You are viewing a plain text version of this content. The canonical link for it is here.
Posted to issues@spark.apache.org by "Josh Rosen (JIRA)" <ji...@apache.org> on 2015/05/05 02:14:06 UTC

[jira] [Comment Edited] (SPARK-7081) Faster sort-based shuffle path using binary processing cache-aware sort

    [ https://issues.apache.org/jira/browse/SPARK-7081?page=com.atlassian.jira.plugin.system.issuetabpanels:comment-tabpanel&focusedCommentId=14527602#comment-14527602 ] 

Josh Rosen edited comment on SPARK-7081 at 5/5/15 12:13 AM:
------------------------------------------------------------

Cross-posting [a comment from my PR|https://github.com/apache/spark/pull/5868#issuecomment-98888713]:

Based on some additional discussions, I think that we should use specialized sorter implementation that is specific to sort-based shuffle and design a separate sorter for more general-purpose record sorting.  By using a specialized sorter, we can benefit from several performance optimizations that would be difficult to implement in a more general-purpose sorter:

- We may not need a full 32-bits to record the partition id; since shuffles are unlikely to have more than, say, 10 million partitions, we can use fewer bits to encode the partition id, allowing us to pack it into a single word that uses the remaining bits to store the record pointer (exploiting the fact that we can choose a reasonable upper bound on our addressable memory (say 1 terabyte) and can save address bits due to word-alignment).  This should give us excellent cache-locality benefits, since the sort array will only require 8 bytes of space per record.
- Because sort-shuffle's sort keys are partition ids, we can expect to encounter long runs of records with the same sort key in the sorted file; this may not be the case in a more general-purpose sort, where there might be cases in which all of the sort keys are distinct.  As a result, this allows external sort to use a specialized merge procedure that operates on runs of records with the same key rather than individual records.
- Ignoring the spilling/merging case for a moment, the sort shuffle writer only needs to know individual records' lengths during the in-memory sort: we need to know a record's length in order to copy it to the sorted output file, but once a partition's records are adjacent in the output file we no longer need to know their individual lengths.  This is a consequence of the fact that the sorted data will be consumed by a serializer that knows how to identify record boundaries, building on our assumption that the serializer supports reordering of serialized records in its serialization stream.
- If we go further and assume that our IO compression codec supports concatenation of compressed data (which [Snappy seems to support|https://snappy.googlecode.com/svn/trunk/framing_format.txt]), then we can implement an IO-efficient merging procedure for external sort.  If we store an index file for each spill file, identifying the offsets of each partition within the sorted file, then the merge sort procedure can simply traverse these indicies and concatenate the partitions' serialized data without interpreting it.
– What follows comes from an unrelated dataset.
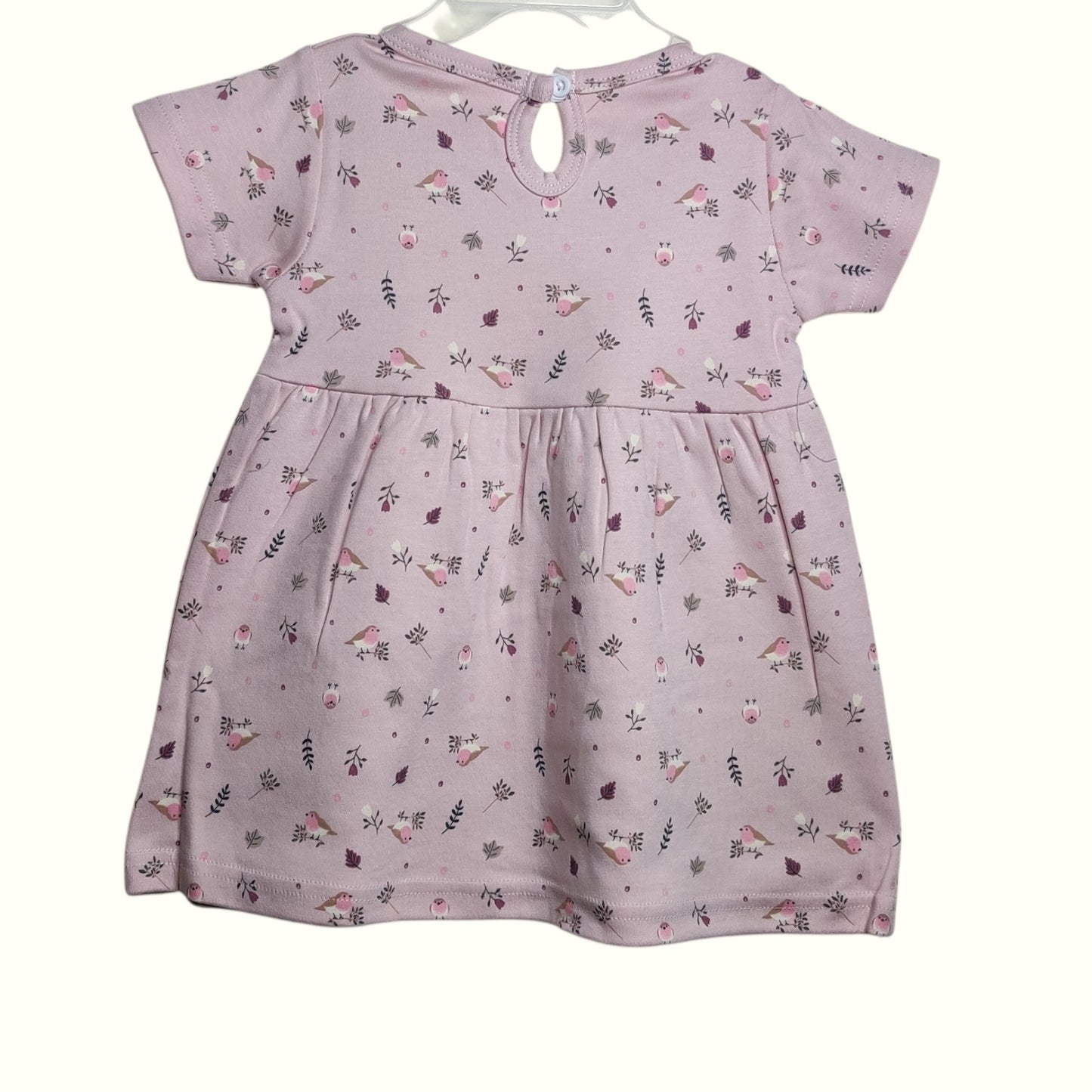 Pastel mauve baby frock with printed bird and leaf design back view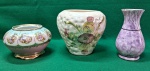 Lote com 3 peças em procelana e cerâmica sendo que o da esquerda trata-se de um pote com  formato arredondado, base e borda douradas e ricamente decorado com cenas galantes; o vaso do meio é branco, com uma textura em alto-relevo e delicadas flores pintadas e o da direita um vaso para flores, pintado em  um padrão marmorizado em tons de roxo e um anel preto no pescoço. Usados. Todos em muito bom estado.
This would let us use methods like `transferTo` to implement copying without requiring data to be buffered in the JVM, sidestepping the complexity of managing IO buffers during the merge.

In light of this, I'm going to work on refactoring my external sorting branch to perform these optimizations and will update this pull request with those changes.  I'm going to remove the  SPARK-7078 JIRA link, since that JIRA seems to be concerned with a more general-purpose record sorter for use in SQL joins.


was (Author: joshrosen):
Cross-posting [a comment from my PR|https://github.com/apache/spark/pull/5868#issuecomment-98888713]:

Based on some additional discussions, I think that we should use specialized sorter implementation that is specific to sort-based shuffle and design a separate sorter for more general-purpose record sorting.  By using a specialized sorter, we can benefit from several performance optimizations that would be difficult to implement in a more general-purpose sorter:

- We may not need a full 32-bits to record the partition id; since shuffles are unlikely to have more than, say, 10 million partitions, we can use fewer bits to encode the partition id, allowing us to pack it into a single word that uses the remaining bits to store the record pointer (exploiting the fact that we can choose a reasonable upper bound on our addressable memory (say 1 terabyte) and can save address bits due to word-alignment).  This should give us excellent cache-locality benefits, since the sort array will only require 8 bytes of space per record.
- Because sort-shuffle's sort keys are partition ids, we can expect to encounter long runs of records with the same sort key in the sorted file; this may not be the case in a more general-purpose sort, where there might be cases in which all of the sort keys are distinct.  As a result, this allows external sort to use a specialized merge procedure that operates on runs of records with the same key rather than individual records.
- Ignoring the spilling/merging case for a moment, the sort shuffle writer only needs to know individual records' lengths during the in-memory sort: we need to know a record's length in order to copy it to the sorted output file, but once a partition's records are adjacent in the output file we no longer need to know their individual lengths.  This is a consequence of the fact that the sorted data will be consumed by a serializer that knows how to identify record boundaries, building on our assumption that the serializer supports reordering of serialized records in its serialization stream.
- If we go further and assume that our IO compression codec supports concatenation of compressed data (which [Snappy seems to support|https://snappy.googlecode.com/svn/trunk/framing_format.txt]), then we can implement an IO-efficient merging procedure for external sort.  If we store an index file for each spill file, identifying the offsets of each partition within the sorted file, then the merge sort procedure can simply traverse these indicies and concatenate the partitions' serialized data without interpreting it. This would let us use methods like `transferTo` to implement copying without requiring data to be buffered in the JVM, sidestepping the complexity of managing IO buffers during the merge.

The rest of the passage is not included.